- [Data segment]:
================================

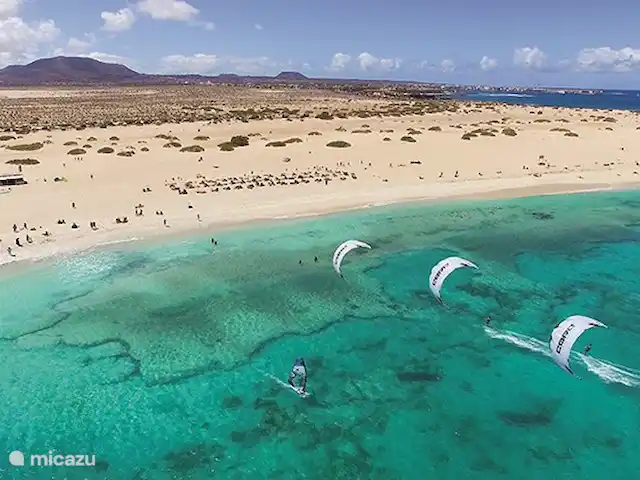 bungaló en España, Fuerteventura, Corralejo – Brisa del Mar Fuerteventura Flagbeach hermosa agua azul clara a poca distancia de la casa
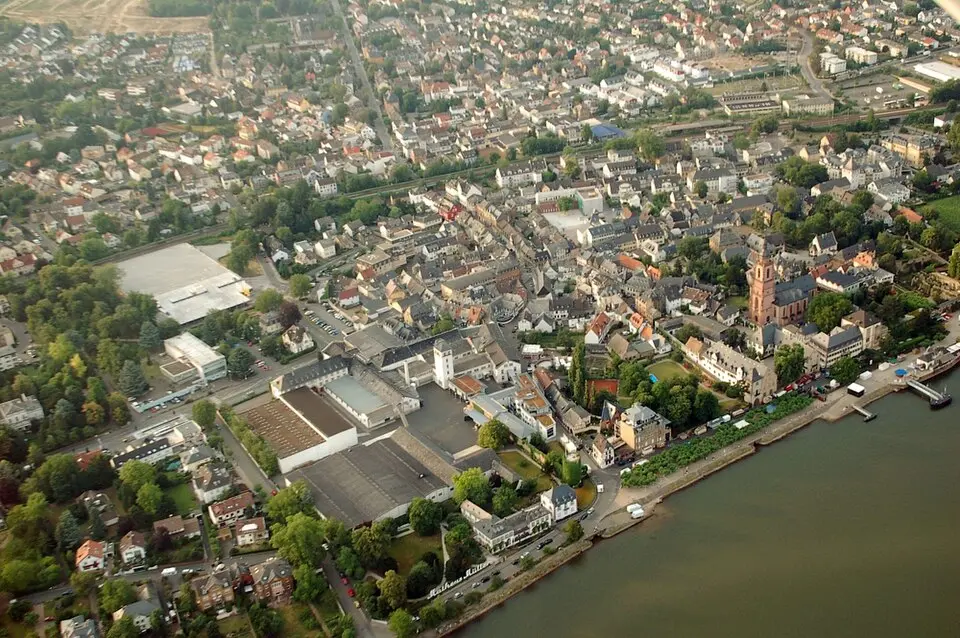 Eltville am Rhein – Stadtansicht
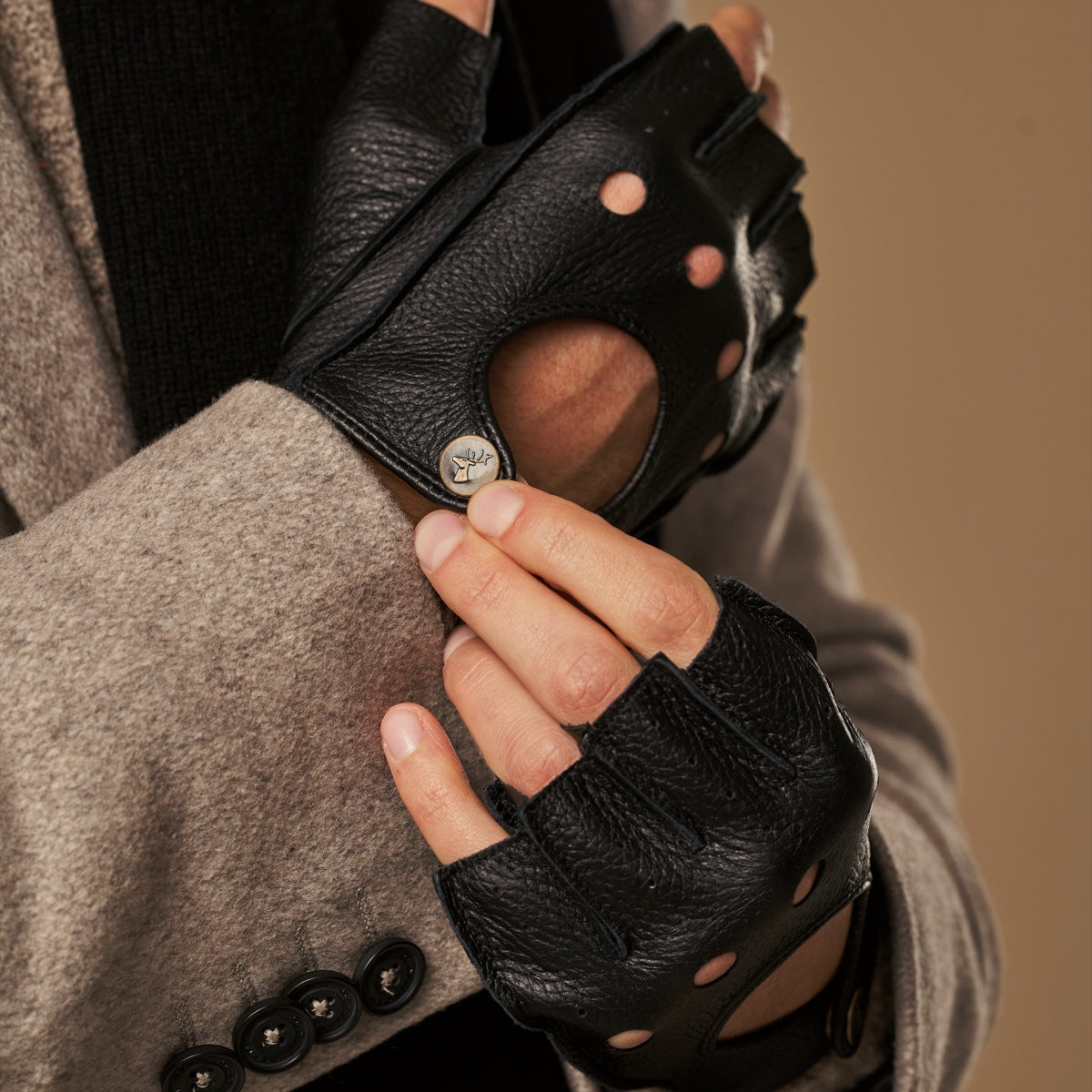 Zane (black) – luxurious fingerless driving gloves made of American deerskin leather - Schwartz & von Halen - EU - 6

================================

Retyped exactly, the lines from the one holding "Eltville am Rhein – Stadtansicht" through the last line of the data above are the whole answer. Pictures stay out.

 Eltville am Rhein – Stadtansicht
 Zane (black) – luxurious fingerless driving gloves made of American deerskin leather - Schwartz & von Halen - EU - 6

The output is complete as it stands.